- PROVIDED MATERIAL -

::::::::

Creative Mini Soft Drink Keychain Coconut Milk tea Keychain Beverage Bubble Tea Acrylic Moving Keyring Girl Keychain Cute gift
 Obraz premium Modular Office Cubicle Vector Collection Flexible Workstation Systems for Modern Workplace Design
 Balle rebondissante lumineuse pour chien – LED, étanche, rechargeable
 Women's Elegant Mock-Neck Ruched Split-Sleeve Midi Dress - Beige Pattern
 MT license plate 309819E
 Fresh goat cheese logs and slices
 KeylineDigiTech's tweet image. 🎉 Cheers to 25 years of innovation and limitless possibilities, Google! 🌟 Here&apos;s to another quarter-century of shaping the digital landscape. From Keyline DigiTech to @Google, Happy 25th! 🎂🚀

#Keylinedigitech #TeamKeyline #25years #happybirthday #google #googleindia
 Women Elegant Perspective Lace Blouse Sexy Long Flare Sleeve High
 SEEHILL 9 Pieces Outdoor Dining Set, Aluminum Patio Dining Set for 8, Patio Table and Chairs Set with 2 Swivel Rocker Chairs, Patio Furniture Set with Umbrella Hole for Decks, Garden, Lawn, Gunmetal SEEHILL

::::::::

- HOW TO COMPLETE THIS TASK -
Return the records in full, exactly as they read.

- OUTPUT BELOW -
Creative Mini Soft Drink Keychain Coconut Milk tea Keychain Beverage Bubble Tea Acrylic Moving Keyring Girl Keychain Cute gift
 Obraz premium Modular Office Cubicle Vector Collection Flexible Workstation Systems for Modern Workplace Design
 Balle rebondissante lumineuse pour chien – LED, étanche, rechargeable
 Women's Elegant Mock-Neck Ruched Split-Sleeve Midi Dress - Beige Pattern
 MT license plate 309819E
 Fresh goat cheese logs and slices
 KeylineDigiTech's tweet image. 🎉 Cheers to 25 years of innovation and limitless possibilities, Google! 🌟 Here&apos;s to another quarter-century of shaping the digital landscape. From Keyline DigiTech to @Google, Happy 25th! 🎂🚀

#Keylinedigitech #TeamKeyline #25years #happybirthday #google #googleindia
 Women Elegant Perspective Lace Blouse Sexy Long Flare Sleeve High
 SEEHILL 9 Pieces Outdoor Dining Set, Aluminum Patio Dining Set for 8, Patio Table and Chairs Set with 2 Swivel Rocker Chairs, Patio Furniture Set with Umbrella Hole for Decks, Garden, Lawn, Gunmetal SEEHILL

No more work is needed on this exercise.